28 691
Interpellatie woningcorporatie Woonzorg

nr. 4
BRIEF VAN DE MINISTER VAN VOLKSHUISVESTING, RUIMTELIJKE ORDENING EN MILIEUBEHEER

Aan de Voorzitter van de Tweede Kamer der Staten-Generaal

Den Haag, 20 juni 2003

1. Inleiding

Tijdens een interpellatiedebat op 3 december 2002 (Handelingen der Kamer II, vergaderjaar 2002–2003, nr. 28, blz. 2020–2029) heeft Uw Kamer met mijn ambtsvoorganger gesproken over de financiële situatie bij woningcorporatie Woonzorg Nederland en het uitgeoefende financiële toezicht door het Centraal Fonds voor de Volkshuisvesting (CFV) in de periode 1998–2001. Hij heeft u in dat debat een rapportage toegezegd, die ik u bijgaand aanbied1. De rapportage is opgesteld door de Accountantsdienst van mijn Ministerie. Ik merk op dat bijgaande rapportage later dan aanvankelijk voorzien uw Kamer bereikt. Uw Kamer is hierover en over de achterliggende oorzaken in de afgelopen maanden bericht. De onderzoeksvragen die op grond van het interpellatiedebat zijn gesteld aan de Accountantsdienst zijn gerubriceerd op blz. 3 van het rapport. Ik wil daarnaar, evenals naar de wijze waarop het onderzoek is uitgevoerd (zie blz. 4 van het rapport), kortheidshalve verwijzen.
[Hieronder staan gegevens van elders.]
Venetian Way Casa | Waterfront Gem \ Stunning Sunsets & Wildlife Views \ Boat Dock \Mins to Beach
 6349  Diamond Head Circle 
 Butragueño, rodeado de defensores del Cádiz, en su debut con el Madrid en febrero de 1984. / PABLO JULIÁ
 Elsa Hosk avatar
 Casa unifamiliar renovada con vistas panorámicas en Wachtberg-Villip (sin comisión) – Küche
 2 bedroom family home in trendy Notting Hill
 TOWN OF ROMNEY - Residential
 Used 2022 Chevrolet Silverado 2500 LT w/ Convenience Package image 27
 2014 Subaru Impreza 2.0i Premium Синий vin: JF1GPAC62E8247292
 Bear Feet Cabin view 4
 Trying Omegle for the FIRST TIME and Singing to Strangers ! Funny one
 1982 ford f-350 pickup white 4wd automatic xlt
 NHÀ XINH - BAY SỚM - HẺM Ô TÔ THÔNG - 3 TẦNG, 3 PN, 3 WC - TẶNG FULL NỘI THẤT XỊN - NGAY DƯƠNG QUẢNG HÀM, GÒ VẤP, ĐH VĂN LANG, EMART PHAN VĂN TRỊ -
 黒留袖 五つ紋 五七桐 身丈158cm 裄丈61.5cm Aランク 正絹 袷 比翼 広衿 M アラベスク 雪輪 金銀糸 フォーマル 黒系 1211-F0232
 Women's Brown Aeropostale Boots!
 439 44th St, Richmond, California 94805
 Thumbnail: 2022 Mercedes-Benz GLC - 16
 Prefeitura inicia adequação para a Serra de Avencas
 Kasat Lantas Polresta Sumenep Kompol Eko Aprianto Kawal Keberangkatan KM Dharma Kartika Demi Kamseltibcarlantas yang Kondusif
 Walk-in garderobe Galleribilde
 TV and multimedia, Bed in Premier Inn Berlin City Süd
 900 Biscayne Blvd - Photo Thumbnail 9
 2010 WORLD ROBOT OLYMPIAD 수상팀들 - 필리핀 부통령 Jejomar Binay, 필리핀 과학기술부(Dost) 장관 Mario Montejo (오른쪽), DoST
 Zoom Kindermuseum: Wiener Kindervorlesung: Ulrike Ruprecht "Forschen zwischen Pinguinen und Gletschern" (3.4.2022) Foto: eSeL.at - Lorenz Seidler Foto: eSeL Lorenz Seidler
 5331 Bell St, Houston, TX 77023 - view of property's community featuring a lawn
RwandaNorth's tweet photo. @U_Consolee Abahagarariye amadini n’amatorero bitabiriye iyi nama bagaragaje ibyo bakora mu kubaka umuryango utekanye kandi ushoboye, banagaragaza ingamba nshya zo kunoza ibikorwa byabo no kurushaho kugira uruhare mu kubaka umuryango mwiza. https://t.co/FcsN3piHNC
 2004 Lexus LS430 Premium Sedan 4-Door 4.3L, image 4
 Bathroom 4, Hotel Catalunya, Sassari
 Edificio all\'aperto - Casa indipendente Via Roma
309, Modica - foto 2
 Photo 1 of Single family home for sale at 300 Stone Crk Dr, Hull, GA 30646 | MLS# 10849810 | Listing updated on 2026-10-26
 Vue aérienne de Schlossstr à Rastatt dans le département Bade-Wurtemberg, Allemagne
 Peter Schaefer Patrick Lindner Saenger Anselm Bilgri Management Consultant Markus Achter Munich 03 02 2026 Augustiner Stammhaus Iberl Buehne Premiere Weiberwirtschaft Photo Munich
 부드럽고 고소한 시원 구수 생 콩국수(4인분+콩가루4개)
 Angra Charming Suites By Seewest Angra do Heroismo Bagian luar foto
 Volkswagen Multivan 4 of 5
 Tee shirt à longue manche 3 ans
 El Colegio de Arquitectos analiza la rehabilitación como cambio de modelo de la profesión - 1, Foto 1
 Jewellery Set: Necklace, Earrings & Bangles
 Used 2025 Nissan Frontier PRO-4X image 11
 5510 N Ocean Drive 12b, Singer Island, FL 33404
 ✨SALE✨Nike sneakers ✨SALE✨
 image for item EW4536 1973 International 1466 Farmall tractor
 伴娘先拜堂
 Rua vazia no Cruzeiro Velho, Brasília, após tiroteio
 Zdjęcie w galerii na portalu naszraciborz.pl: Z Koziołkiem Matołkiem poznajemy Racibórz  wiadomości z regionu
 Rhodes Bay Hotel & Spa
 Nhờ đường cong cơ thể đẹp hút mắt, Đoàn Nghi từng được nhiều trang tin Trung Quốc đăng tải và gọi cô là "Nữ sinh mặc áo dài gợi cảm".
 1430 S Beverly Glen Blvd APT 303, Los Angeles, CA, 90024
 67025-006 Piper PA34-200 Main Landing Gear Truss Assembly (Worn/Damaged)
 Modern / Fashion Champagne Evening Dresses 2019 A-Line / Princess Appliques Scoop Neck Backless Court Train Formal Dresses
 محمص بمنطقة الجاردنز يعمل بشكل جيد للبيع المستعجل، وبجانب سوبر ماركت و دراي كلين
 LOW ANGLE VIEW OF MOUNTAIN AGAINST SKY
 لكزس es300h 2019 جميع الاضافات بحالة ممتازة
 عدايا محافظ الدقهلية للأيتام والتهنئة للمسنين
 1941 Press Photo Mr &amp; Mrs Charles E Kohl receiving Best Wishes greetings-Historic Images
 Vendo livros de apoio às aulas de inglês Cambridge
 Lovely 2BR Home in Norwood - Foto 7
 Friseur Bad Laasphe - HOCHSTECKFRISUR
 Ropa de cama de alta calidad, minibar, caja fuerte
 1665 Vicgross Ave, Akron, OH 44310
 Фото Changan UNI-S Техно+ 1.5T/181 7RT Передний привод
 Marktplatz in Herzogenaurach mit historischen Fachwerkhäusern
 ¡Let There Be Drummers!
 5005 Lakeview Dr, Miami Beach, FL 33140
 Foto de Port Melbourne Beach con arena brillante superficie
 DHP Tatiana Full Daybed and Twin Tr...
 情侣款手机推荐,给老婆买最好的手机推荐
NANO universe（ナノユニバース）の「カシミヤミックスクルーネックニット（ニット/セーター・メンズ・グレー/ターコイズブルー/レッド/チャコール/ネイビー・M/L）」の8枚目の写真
In deze brief belicht ik kort de uitkomsten van de analyse van de Accountantsdienst en trek daaruit mijn conclusies. Ik plaats deze tegen de achtergrond van de wijze waarop het financiële toezicht in de afgelopen jaren is ingericht, in relatie tot de ministeriële verantwoordelijkheid voor het toezicht op woningcorporaties.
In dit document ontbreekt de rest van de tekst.